The new rules in Britain will include requirements that lenders properly evaluate whether a consumer can afford such a loan and to limit the number of times the loan can be rolled over. Lenders also will be required to provide consumers with sources of debt advice before refinancing.
Payday lenders also will be required to include risk warnings in advertisements, which have proliferated on British daytime television, many offering loans of up to £1,000 ($1,620) at a time.
Firms will face fines for violations of the rules.
The Financial Conduct Authority, which is set take over regulation of consumer credit firms in April 2014, said the proposed changes were intended to make promotions by lenders “clear, fair and not misleading.”
The move comes as regulators in the United States crack down on what they [say are] excess interest rates charged by payday lenders on such loans.
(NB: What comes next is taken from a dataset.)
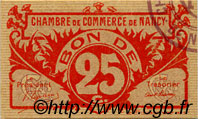 25 Centimes FRANCE regionalism and miscellaneous Nancy 1918 JP.087.64 AU+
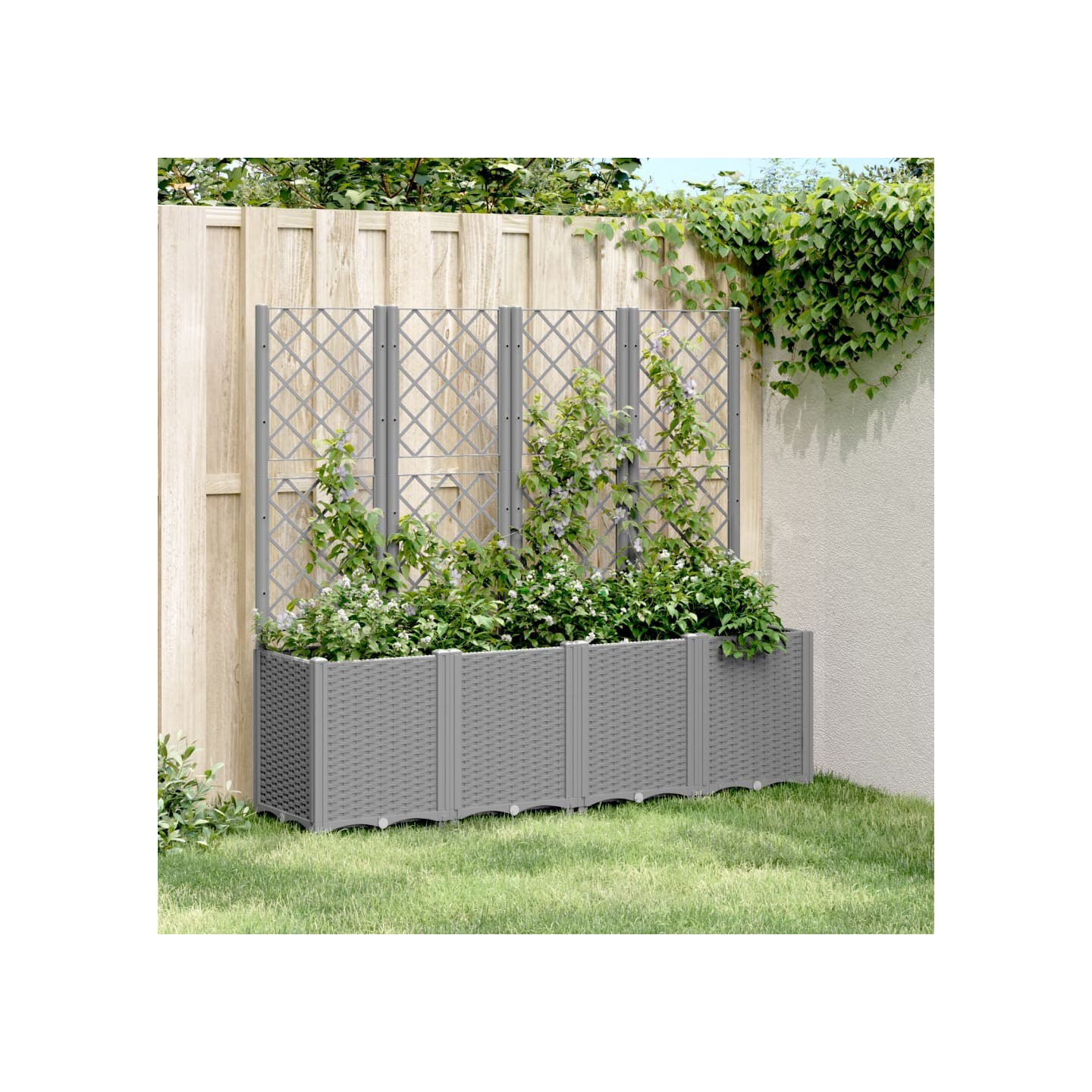 Jardinière avec treillis gris clair 160x40x140 cm PP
In August, the New York State financial regulator sent letters to 35 online lenders, instructing them to “cease and desist” from offering loans that violate local usury laws. The federal Consumer Financial Protection Bureau has also been examining short-term, payday-style loans.
In Britain, short-term, high-cost lending has grown to an estimated £2 billion industry in 2011-2012, from about £900 million in 2008-2009, according to the Financial Conduct Authority.
Consumer advocates have complained that payday lenders have pressed consumers into taking out loans they cannot afford, locking them into a cycle where it is difficult to ever exit.
The archbishop of Canterbury, in a speech to the House of Lords in June, said the Church of England and other local institutions should work to develop an alternative system of credit unions, instead of payday lenders being the only alternatives for consumers.
“For the credit union movement to be successful and sustainable, and other forms of local finance to develop, we need a bottom-up movement of local organizations working to change the sources of supply,” said the archbishop, the Most Rev. Justin Welby. “It will take many years — 10 to 15 years — but it must start now.”